Thorsten stellt das Bier vor mich auf die Theke. „Und wie geht’s so“, fragt er mich.
„Ganz gut. Allerdings hatte ich einen verrückten Traum…“
Es ist erst kurz nach Mittag. Außer mir sind nur wenige Gäste im Pub. Thorsten hat nicht viel zu tun. Ich erzähle ihm also von meinem Traum.
„Und alle Kneipen mussten dicht machen während dieses… äh…“
„Lockdowns“, ergänze ich und nehme einen großen Schluck von meinem Berliner Kindl, „… alles hatte zu außer den Supermärkten.“
„Das geht doch gar nicht“, Thorsten schaut ungläubig.

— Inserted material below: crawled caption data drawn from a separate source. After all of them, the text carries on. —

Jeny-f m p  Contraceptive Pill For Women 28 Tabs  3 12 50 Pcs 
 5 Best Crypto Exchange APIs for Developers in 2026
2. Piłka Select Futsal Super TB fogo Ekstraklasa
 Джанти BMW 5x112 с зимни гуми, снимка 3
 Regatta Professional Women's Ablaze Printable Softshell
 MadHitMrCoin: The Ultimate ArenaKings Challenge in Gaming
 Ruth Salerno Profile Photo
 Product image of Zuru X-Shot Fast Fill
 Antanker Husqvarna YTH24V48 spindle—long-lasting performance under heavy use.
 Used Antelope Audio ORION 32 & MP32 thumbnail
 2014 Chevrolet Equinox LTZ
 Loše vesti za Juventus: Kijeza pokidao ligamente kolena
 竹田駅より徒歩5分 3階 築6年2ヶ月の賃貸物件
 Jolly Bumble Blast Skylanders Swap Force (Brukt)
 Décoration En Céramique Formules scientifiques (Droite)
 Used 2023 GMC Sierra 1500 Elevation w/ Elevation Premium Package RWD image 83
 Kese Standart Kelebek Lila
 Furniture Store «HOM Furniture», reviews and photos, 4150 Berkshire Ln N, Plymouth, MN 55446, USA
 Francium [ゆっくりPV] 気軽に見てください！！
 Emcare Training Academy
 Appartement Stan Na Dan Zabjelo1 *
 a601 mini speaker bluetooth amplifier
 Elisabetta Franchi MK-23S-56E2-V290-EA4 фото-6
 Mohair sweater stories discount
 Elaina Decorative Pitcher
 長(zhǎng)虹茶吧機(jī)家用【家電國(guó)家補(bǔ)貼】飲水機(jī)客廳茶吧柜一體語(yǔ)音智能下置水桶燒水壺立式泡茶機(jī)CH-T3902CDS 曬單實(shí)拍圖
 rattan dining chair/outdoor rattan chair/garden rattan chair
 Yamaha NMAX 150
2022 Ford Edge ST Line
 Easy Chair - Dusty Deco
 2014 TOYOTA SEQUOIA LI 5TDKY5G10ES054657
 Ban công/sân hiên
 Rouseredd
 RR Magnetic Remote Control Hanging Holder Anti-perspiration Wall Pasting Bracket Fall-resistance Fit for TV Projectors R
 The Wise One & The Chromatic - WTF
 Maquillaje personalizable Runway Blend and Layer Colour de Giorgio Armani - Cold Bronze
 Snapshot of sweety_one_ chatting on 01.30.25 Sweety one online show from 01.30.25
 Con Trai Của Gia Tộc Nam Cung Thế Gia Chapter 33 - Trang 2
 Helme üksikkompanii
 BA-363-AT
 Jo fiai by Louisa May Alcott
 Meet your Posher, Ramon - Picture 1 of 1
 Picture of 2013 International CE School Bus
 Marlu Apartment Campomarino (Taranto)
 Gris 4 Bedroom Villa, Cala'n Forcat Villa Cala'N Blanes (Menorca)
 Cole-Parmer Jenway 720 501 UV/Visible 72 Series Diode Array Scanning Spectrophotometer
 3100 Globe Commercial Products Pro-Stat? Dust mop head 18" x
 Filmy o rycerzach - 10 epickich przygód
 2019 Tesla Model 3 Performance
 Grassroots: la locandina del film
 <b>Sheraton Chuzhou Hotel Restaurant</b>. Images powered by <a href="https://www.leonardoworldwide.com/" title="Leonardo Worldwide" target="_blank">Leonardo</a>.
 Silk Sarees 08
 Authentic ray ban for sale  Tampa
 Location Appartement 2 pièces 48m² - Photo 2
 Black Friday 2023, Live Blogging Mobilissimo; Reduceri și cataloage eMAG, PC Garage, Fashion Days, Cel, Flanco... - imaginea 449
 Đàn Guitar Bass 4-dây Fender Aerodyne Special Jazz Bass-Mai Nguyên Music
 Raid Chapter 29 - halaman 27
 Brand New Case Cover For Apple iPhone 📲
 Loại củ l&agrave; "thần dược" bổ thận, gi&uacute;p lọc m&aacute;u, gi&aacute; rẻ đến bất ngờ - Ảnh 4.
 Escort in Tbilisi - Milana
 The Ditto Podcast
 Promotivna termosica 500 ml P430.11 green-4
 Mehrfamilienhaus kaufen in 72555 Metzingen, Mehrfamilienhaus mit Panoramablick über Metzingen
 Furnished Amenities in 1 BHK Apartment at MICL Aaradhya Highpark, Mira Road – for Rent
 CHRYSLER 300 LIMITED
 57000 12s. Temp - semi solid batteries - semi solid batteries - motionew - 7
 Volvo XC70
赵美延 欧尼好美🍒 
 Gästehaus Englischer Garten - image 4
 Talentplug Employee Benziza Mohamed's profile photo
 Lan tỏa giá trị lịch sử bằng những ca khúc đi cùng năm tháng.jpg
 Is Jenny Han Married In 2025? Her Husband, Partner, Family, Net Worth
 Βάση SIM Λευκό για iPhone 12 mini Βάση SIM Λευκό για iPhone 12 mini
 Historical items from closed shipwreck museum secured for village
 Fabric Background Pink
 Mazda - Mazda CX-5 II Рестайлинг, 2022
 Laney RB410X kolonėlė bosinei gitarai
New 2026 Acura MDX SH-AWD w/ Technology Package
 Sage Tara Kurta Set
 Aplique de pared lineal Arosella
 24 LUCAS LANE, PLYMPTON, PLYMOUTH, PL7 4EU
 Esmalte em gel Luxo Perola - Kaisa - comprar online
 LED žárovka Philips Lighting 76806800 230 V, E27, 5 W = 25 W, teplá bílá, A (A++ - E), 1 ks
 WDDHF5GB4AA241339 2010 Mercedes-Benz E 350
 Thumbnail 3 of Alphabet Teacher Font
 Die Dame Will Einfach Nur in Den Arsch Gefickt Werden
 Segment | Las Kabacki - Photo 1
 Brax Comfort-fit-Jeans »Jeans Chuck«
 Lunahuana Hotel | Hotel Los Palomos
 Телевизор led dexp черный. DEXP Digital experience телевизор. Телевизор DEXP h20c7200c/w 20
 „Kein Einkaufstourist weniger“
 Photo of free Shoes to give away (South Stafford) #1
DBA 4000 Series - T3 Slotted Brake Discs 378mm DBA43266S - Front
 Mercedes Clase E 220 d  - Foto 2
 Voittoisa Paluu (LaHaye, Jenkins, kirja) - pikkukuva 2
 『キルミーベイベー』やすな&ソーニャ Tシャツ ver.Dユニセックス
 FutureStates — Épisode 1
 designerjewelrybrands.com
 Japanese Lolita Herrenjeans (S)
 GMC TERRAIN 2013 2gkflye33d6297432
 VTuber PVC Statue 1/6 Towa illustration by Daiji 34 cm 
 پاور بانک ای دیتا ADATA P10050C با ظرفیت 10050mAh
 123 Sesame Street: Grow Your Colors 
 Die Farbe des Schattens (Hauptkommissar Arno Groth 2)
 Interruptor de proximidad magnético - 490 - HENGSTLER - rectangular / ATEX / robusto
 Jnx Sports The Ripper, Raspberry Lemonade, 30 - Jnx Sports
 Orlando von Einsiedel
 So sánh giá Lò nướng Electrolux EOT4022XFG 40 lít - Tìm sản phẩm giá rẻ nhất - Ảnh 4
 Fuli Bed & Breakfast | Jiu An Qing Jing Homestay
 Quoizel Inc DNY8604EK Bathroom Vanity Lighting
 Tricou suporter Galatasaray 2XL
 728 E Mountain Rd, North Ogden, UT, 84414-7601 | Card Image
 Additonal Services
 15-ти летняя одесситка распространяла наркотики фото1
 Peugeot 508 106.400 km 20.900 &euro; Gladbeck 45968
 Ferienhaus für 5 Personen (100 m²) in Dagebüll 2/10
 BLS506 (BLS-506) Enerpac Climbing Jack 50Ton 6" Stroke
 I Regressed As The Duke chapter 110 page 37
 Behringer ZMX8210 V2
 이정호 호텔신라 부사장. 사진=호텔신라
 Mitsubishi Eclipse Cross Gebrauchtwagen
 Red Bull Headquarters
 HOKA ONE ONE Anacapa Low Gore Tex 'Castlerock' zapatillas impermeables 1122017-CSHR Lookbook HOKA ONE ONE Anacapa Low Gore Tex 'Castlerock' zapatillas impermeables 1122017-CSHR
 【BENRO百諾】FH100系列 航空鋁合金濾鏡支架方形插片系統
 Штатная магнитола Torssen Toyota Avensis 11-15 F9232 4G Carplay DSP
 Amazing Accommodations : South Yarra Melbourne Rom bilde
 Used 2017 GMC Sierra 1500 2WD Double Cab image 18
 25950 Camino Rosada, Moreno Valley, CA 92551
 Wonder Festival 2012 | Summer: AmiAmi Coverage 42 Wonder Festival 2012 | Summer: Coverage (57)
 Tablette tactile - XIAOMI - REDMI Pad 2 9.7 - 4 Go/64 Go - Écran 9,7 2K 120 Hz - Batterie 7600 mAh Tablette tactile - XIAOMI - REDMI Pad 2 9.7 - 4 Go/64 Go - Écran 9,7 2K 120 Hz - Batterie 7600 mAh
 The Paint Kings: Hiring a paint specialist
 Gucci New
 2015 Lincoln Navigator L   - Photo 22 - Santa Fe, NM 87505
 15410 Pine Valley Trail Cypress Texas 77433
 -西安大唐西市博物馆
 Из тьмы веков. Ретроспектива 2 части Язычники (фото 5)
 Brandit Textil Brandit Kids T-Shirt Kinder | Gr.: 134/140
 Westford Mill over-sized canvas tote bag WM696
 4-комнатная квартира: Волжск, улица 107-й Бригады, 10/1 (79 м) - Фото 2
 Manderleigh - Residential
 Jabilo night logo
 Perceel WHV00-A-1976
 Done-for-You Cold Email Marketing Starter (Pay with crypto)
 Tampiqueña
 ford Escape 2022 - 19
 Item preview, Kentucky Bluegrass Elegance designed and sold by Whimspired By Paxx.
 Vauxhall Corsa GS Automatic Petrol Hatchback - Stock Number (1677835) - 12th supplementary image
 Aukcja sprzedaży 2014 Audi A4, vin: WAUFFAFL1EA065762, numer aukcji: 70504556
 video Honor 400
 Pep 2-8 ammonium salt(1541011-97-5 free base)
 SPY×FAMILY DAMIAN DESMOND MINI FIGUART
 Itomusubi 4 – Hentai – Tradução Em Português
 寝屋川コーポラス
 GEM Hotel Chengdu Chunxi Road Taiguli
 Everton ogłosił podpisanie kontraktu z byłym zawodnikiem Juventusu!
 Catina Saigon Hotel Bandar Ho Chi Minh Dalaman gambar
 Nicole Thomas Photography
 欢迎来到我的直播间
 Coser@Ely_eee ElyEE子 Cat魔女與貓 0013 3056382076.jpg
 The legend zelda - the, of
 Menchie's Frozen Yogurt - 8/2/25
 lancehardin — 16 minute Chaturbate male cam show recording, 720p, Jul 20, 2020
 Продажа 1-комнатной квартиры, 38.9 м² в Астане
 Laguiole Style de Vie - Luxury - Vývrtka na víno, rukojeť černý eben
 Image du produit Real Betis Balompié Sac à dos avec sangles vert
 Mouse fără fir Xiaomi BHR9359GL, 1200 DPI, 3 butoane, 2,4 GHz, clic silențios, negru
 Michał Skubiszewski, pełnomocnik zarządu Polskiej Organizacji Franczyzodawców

Ich lache: „Klar – war ja auch ein Traum… Allerdings war der wie echt. Weißt du, was ich meine?“
„Hm… Hinterher ist man sich nicht sicher, was real und was Traum ist. Das sind die gruseligsten Träume.“
Ich nicke und blicke durch die Fensterfront auf die Potsdamer Straße. Menschen aller Couleur hasten vorbei, sich stauende Autos, Hupen… der ganz normale großstädtische Moloch.
„Und das Verrückteste“, bricht es aus mir hervor, „wir mussten alle Masken tragen!“
„Karnevalsmasken – oder was?“
„Du nun wieder… Natürlich nicht! Ich meine solche Schutzmasken, wie sie die Chinesen in ihren Großstädten tragen. Du weißt schon.“
Thorsten grinst breit und blickt fragend auf mein fast leeres Glas.
„Logo. Damit ich mir ganz sicher bin, dass es nur ein Traum war.“
Neue Gäste kommen ins Pub, und Thorsten ist erstmal beschäftigt. Ich halte mich am Bier und lasse den lieben Gott einen guten Mann sein. Ich sollte diesen Traum aufschreiben, denke ich bei mir. Er war so real. Unglaublich.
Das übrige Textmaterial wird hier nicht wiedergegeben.